Re: Borrowed technology from the Dreamliner batteries??
I haven't actually looked inside an iPhone of any generation, but only the simplest of things don't need at least a couple of screws. There are many possible variables, but inside Apple, or in a company like ours, you've got several people constantly working to maximize efficiencies of every part and every process. The calculations are exceedingly complex, take weeks to work out, and in the end you've saved .00031 cents per unit, but because the screw manufacturer has price breaks at 500k screws you end up saving 1.2 cents, per phone, and reducing logistics and labor costs because without the additional screw an entire bin of 60,000 screws is consumed between each days parts cycles. Before you always had a 1/3 full bin at each parts cycle and were having to pay for someone to not only bring in full bins and take out 1/3 full bins to the parts dept where you were paying another person to operate a machine you had custom built to open the partial bins and mix them with other 1/3 full bins to create a full bin. Now you're talking real money being saved. You've just taken nine full time people out of every line producing that (widget) (say 20 lines for 180 total employees no longer needed there) and all for one tiny screw per unit. If you want to go even further, because you're completely using an entire bin of screws you can now order 1,100 bins less and eliminate 350 truck deliveries and cut back/reassign loading bay staff and the extra space lets you reorganize the warehouse and reduce pick times .0002%. This is all because of a single screw remember.

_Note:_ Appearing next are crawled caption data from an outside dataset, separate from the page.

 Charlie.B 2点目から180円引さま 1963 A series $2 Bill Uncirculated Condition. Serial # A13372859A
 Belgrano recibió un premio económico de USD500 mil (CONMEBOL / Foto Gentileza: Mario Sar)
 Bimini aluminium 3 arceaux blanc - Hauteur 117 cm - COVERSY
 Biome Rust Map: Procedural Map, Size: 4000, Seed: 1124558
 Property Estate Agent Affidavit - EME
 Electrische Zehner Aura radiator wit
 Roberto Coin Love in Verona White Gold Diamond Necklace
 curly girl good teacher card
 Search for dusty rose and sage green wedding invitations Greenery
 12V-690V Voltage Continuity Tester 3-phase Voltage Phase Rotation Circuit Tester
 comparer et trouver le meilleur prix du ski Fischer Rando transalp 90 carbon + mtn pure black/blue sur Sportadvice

That's a summarized, fictional, but valid, outline. The actual processes are much more complex. Those processes are repeated every time something changes (logistics company instituting or eliminating a fuel surcharge for example).
The point is that each category of component/part has a generic value associated with it for rough calculations of its total, actual, cost. Screws and wonky connectors are just absolutely awful to mess with. Adding or eliminating one screw will have enormous financial implications and if there's a screw in there its existence has been throughly examined zillions of times, just like every tiny part in a modern piece of tech kit.
Money in manufacturing is made in fractions of a penny repeated millions and millions of times.